O Brasil consumiu mais vinho do que nunca em 2025. O volume chegou a 4,4 milhões de hectolitros, recorde histórico que representa alta de 41,9% ante o ano anterior, segundo a Organização Internacional da Vinha e do Vinho (OIV).
Os dados foram divulgados nesta terça-feira (12) e contrastam com o mercado global, onde o consumo caiu 2,7% no mesmo período e acumula retração de 14% desde 2018.
Na contramão do mundo
Segundo maior mercado da América do Sul, o Brasil consumiu 4,4 milhões de hectolitros de vinho em 2025 — equivalente a 440 milhões de litros. Ao lado do Japão, foi um dos poucos países a registrar crescimento num cenário de retração generalizada.

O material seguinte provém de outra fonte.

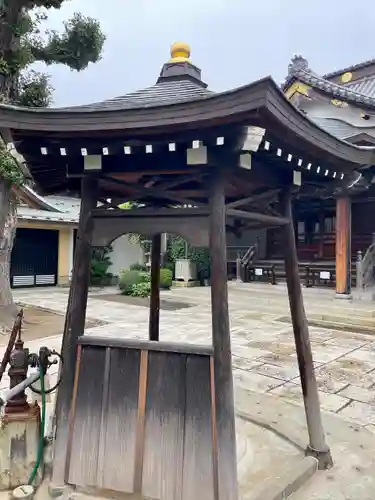 大圓寺(東京都)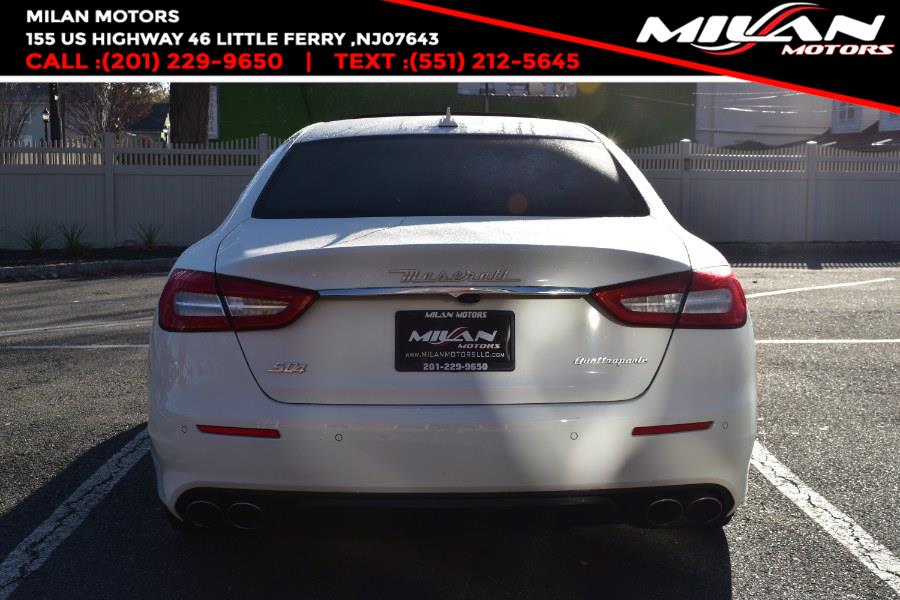 2017 Maserati Quattroporte S Q4 3.0L, available for sale in Little Ferry , New Jersey | Milan Motors. Little Ferry , New Jersey 2017 Maserati Quattroporte S Q4 3.0L, available for sale in Little Ferry , New Jersey | Milan Motors. Little Ferry , New Jersey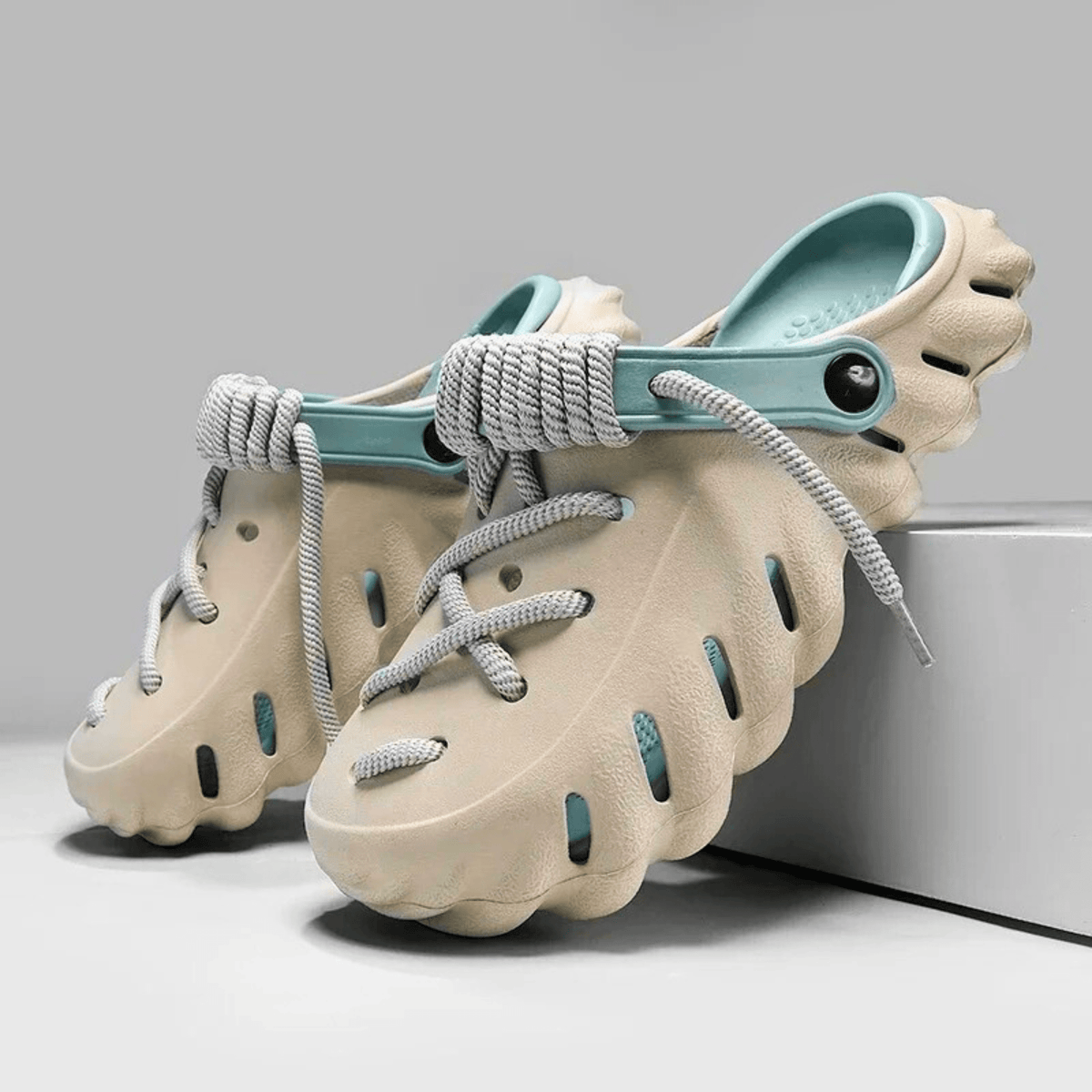The Westmont Clog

No mundo, o volume total consumido chegou a 208 milhões de hectolitros no ano passado. A OIV aponta que a queda reflete mudanças nos hábitos dos consumidores e, desde a pandemia de covid-19, também a perda de poder de compra das famílias e o aumento de custos e preços.
Grandes mercados em queda
Os maiores consumidores globais puxaram o volume para baixo. Os Estados Unidos, que chegaram a liderar o mercado mundial, recuaram 4,3% e encerraram 2025 com 31,9 milhões de hectolitros. A França caiu 3,2%, para 22 milhões de hectolitros, mantendo uma trajetória de retração que se arrasta há décadas.
Na União Europeia — responsável por 48% do consumo global —, a Itália registrou a maior queda entre os grandes mercados: 9,4%, chegando a 20,2 milhões de hectolitros. Alemanha e Espanha seguiram o mesmo caminho. Entre os dez maiores consumidores do mundo, apenas Portugal registrou crescimento, impulsionado pela demanda interna.
A China teve trajetória ainda mais acentuada. O país despencou do sexto para o 11º lugar entre os maiores consumidores mundiais desde 2020, numa retração contínua que se arrasta desde 2018.
Vinhedos brasileiros em expansão
O avanço do Brasil não ficou restrito ao consumo. O país também ampliou a área dedicada ao cultivo de uvas para vinho pelo quinto ano consecutivo, alcançando 91 mil hectares em 2025 — alta de 9,6% em relação ao ano anterior.
O movimento contrasta com o que ocorreu nos principais produtores da região. A Argentina manteve a queda de consumo pelo quinto ano seguido, recuando 2,6% para 7,5 milhões de hectolitros. Na área de vinhedos, o país encerrou 2025 com 196 mil hectares, retração de 1,9% ante 2024.
O Chile também encolheu sua área cultivada: 154 mil hectares em 2025, queda de 3,7% no ano e de 27% desde 2019. A Espanha, maior área de vinhedos do mundo, somava 919 mil hectares — redução de 1,3% ante o ano anterior.
O crescimento consistente dos vinhedos brasileiros ao longo de cinco anos aponta para um setor em expansão estrutural, num momento em que a maior parte dos países produtores caminha na direção oposta.